But the Democrats still seemed the more libertarian party, which would explain why, in 1932, after the Stock Market crash and several years of typically extensive government growth under Republican Herbert Hoover, Ayn Rand cast her vote for Franklin Roosevelt. Libertarian heroine Isabel Paterson also supported FDR. Why? Well, his platform was overall much better than Hoover’s. He vowed to cut government by 25%, protect sound money with a gold standard, lower trade barriers, cut taxes, balance the budget and end alcohol prohibition. Indeed, what Franklin Roosevelt offered would pass today as a moderate libertarian agenda. Some in this room might even have considered it too radical, given the economic calamity and real world politics the Democrats seemed to be ignoring.

But the real problem was that there wasn’t a strong enough movement to decry him when he moved in the opposite direction, instituted the ghastly New Deal, played big businesses against each other, and destroyed crops in a twisted socialist scheme to improve the economy.

Not enough people understood why every single thing he did to expand the state was a disaster. There weren’t enough radicals. Now, he moved so far toward collectivism that many previous supporters abandoned him and joined other forces in the informal opposition movement known today as the Old Right, which was an important stepping-stone to modern libertarianism. But the real lesson here is that no moderate political program of restoring normalcy and retracting the state can serve as a substitute for the radical libertarian ideology, which will also inform us of what’s a real libertarian reform and what’s a move toward statism. Like Wilson, FDR had also defended all his despotism with a rhetoric of freedom—the Four Freedoms, as he called it.

Fast forward a few generations and consider the supposed Reagan revolution. Now, Ayn Rand refused to vote for him, because of what she saw as his unacceptable position on abortion. This was ironic, since as California governor he liberalized abortion law. But his rhetoric never lined up to his actual governance, and Rand was right when she thought she smelled a rat. Under Reagan, government spending skyrocketed, just as it did when he was governor. Indeed, when in charge of California, he gave this state its first major modern gun control law and the biggest tax increase in state history. He erected bureaucracies faster than the Democratic gubernatorial father and son before and after him. And as president, he was similarly a nightmare. A protectionist, a compromiser on the welfare state, a man who only cut some taxes by raising others and inflating the money supply, a warmonger with an insatiable appetite for defense spending, Ronald Reagan was no free enterpriser, despite his rhetoric, and he left behind many ugly legacies, including the modern war on drugs. Rand was right not to vote for him, for this man, despite his pro-freedom language, was responsible in many ways for one of the greatest assaults on personal liberty in our time. Or are we going to forget about that innocent 20-year-old being raped and treated like a slave in a federal dungeon right now so we can pay homage to this supposed hero of freedom?

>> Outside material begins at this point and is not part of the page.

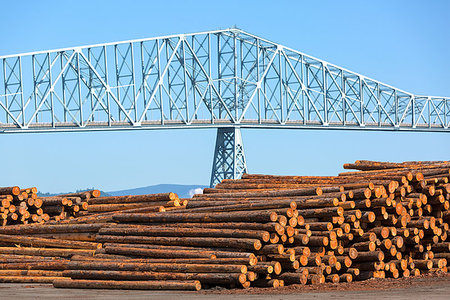 sawmill wood industry - Lumber Mill in Rainier Oregon by Columbia River Longview Bridge Stock Photo - Budget Royalty-Free & Subscription, Code: 400-09237551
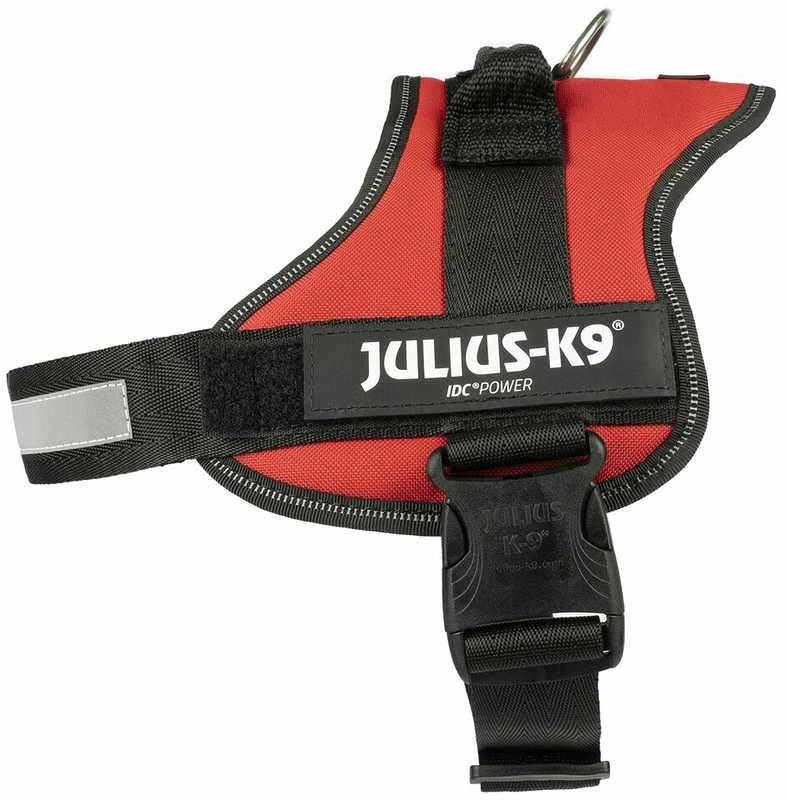 Trixie Petnešos Julius-K9, 0/M–L: 58–76 cm, raudonos sp.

To this day, the reverberations of aggression from past government policies are seen all around us. Each intervention has led to human suffering, which is why a holistic approach to thinking of real world of politics is so crucial. Gun laws render victims less safe against madmen. FDA regulations have caused tens of thousands of Americans to die prematurely and in senseless pain. Every single tax, every single regulation, every single act of government intruding into the natural order of free and voluntary human action leads to the destruction of wealth and diminution of freedom. The violence of the state—that privileged organization that monopolizes legal force—always injures someone somewhere, no matter the well-intentioned ends to which it may be directed. To be an individualist and libertarian is to understand that no one, anywhere, should ever be aggressed against by anyone, and that the state is the principal form of institutionalized aggression in our world. But its effects and its causes are sewn throughout culture. The state is a reflection of prevailing ideology. We must change that ideology. First we must understand it, which requires a deep appreciation of history, economics, and the dynamics of interpersonal affairs.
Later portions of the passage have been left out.